The stakes were increased when Regional Premier Carles Puigdemont told the BBC that Catalonia would unilaterally declare independence within “in a matter of days.” This was followed by a judgement from the Constitutional Court in Madrid suspending Monday’s session of the Catalan parliament.
Radical independence party the CUP responded by demanding a session be held in defiance of the ban. However, with major corporations and banks threatening to move their legal headquarters outside the region, the conservative Puigdemont now seems less certain. Any move towards a declaration would most likely result in Mariano Rajoy’s right-wing government suspending Catalonia’s autonomy.
Amidst an increasingly-polarized climate, international press coverage has tended to overlook the position of En Comú Podem, the political alliance which has won the last two general elections in Catalonia. This grouping comprising Ada Colau’s Catalonia En Comú and Unidos Podemos has tried to carve out a middle road in the current confrontation.
It recognizes last Sunday’s vote as a legitimate political mobilization but doesn’t view it as a valid referendum. It also defends Catalonia’s right to decide but favors a plurinational, federal Spain. In this respect Colau, who is Barcelona’s mayor, voted in solidarity with those facing police repression but left her ballot blank.
Speaking to Jacobin contributor Eoghan Gilmartin, Podemos MP Txema Guijarro argues that there is now an opportunity for the Spanish left to take the lead by reaching out to Catalan nationalists and offering a route out of the impasse.
Many in Podemos predicted that October 1st’s vote would be met with violence. But were you surprised by the extent of the crackdown?
In one respect, the level of violence was shocking. In another, it was entirely predictable. Spain has a government which refuses to seek a political solution to the conflict, instead treating it as a law and order issue to be solved by the police. By sending thousands of police officers to Catalonia in the weeks leading up to the vote, it was clear what the government’s intentions were. Rajoy famously said “we are going to oblige [the Catalan government] to do what they don’t want to do.” This summarizes perfectly the Partido Popular’s attitude to the crisis.

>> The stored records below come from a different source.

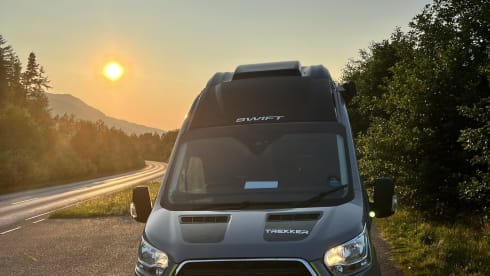 VanCation – Camper Ford Trekker S con 4 posti letto 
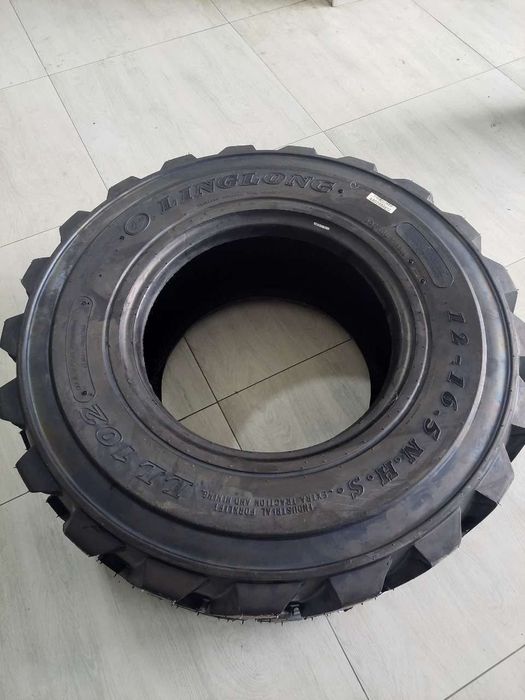 Шины для мини екскаватор 12-16.5 в ассортименте
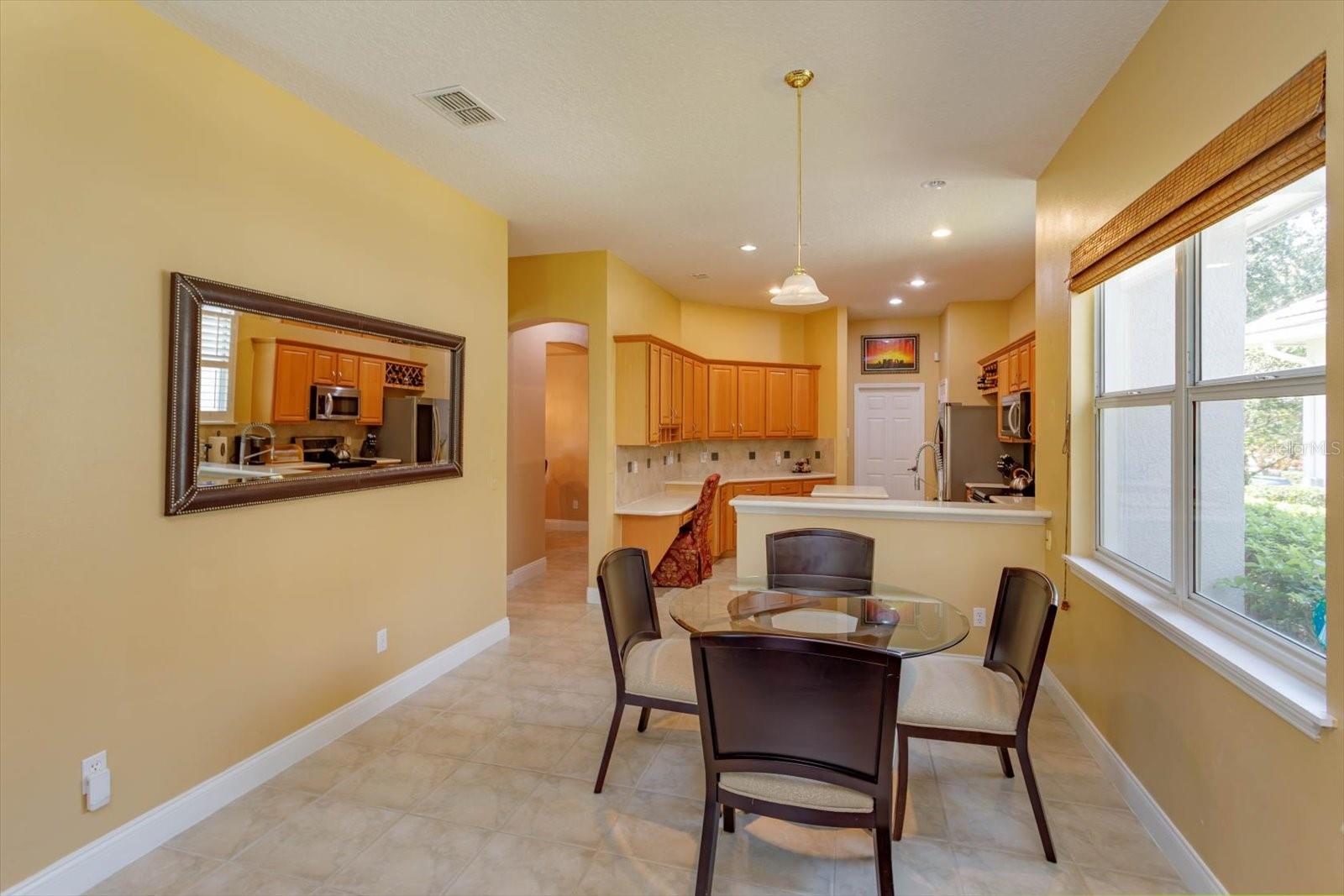 Image 14 of 38 For 10926 Woodchase Circle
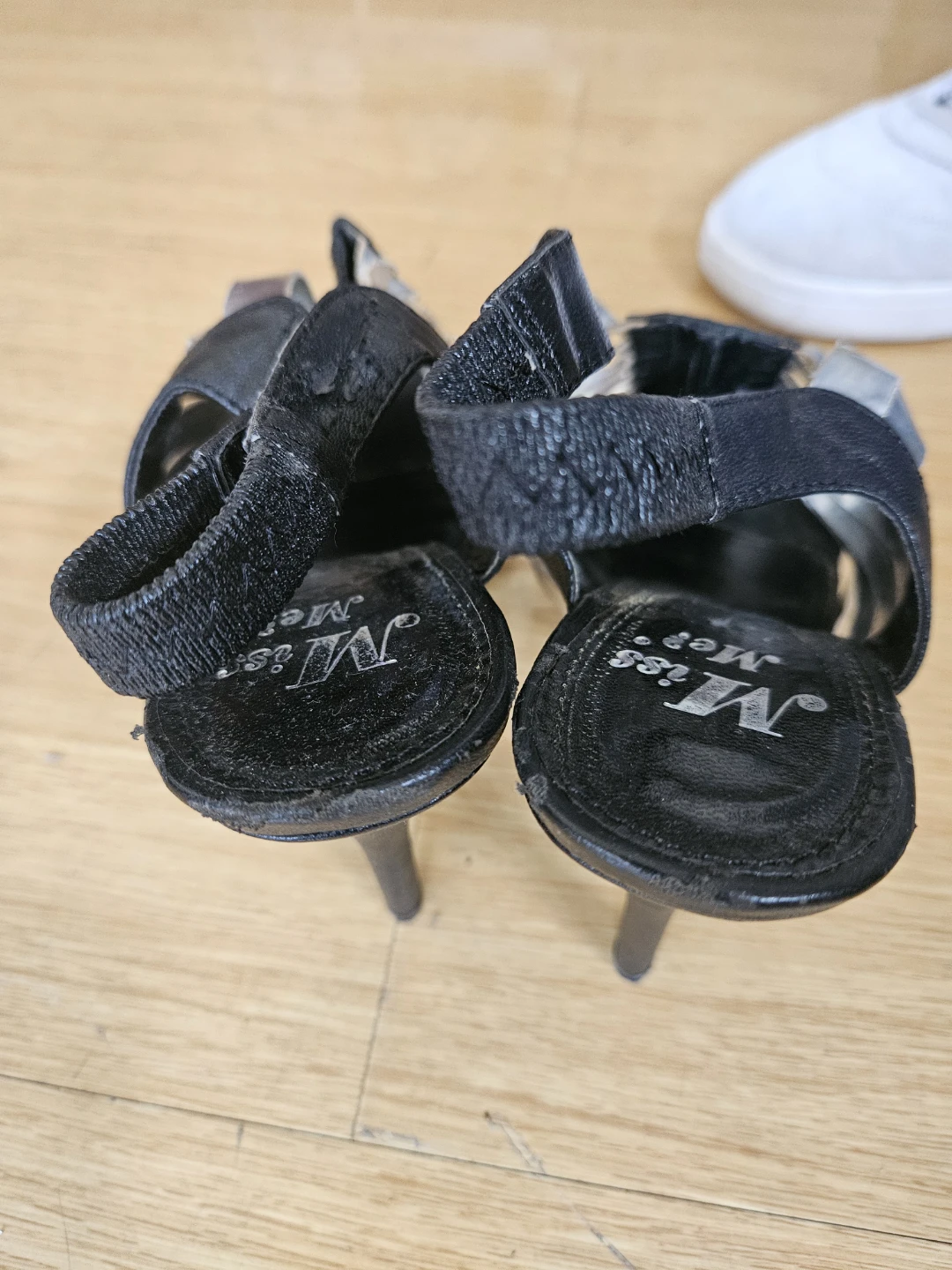 Miss Me Silver & Black Strappy Heels - photo 2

What is Rajoy’s wider strategy? What does his government hope to achieve through the crackdown?
Rajoy’s position on this question is the one that the Spanish Right has articulated for two centuries; namely, a refusal to adapt a centralized state to the existence of the distinct peoples and nations which comprise Spain. There is no question of discussing alternative territorial models or even negotiating within certain parameters: the law is the law and it must be upheld.
In this sense they have no strategy except to continue ratcheting up the pressure on Catalonia. They are operating at a tactical level, reacting to the moves of the Catalan government and hoping eventually to exhaust the independence movement. Rajoy believes time is on his side but, for me, this is a serious miscalculation.
There is a famous anecdote about Franco and how he had two piles of paper on his desk. One pile consisted of all the problems that time would be able to resolve and the other, all the problems which time had already resolved. This is the attitude of the Spanish Right—we have the state, we have the power and so eventually you will have to give way. But seven years into the crisis in Catalonia, this isn’t working.
Given the Partido Popular’s willingness to escalate the conflict, has the Catalan government’s decision to press ahead with the independence process been the correct one?
First, I would say that the current Catalan administration didn’t have a mandate to hold a unilateral referendum. They framed the regional elections two years ago as a plebiscite on independence but the results fell short of their expectations. They failed to win a majority of votes and have only been able to count on a slender majority of seats with the support of the radical leftwing CUP. To follow this result with a strict timeline for unilateral independence was not legitimate. Also, they passed the two laws in September—one on the referendum and the other on the possible divorce from Spain—without a proper parliamentary debate or time to discuss amendments.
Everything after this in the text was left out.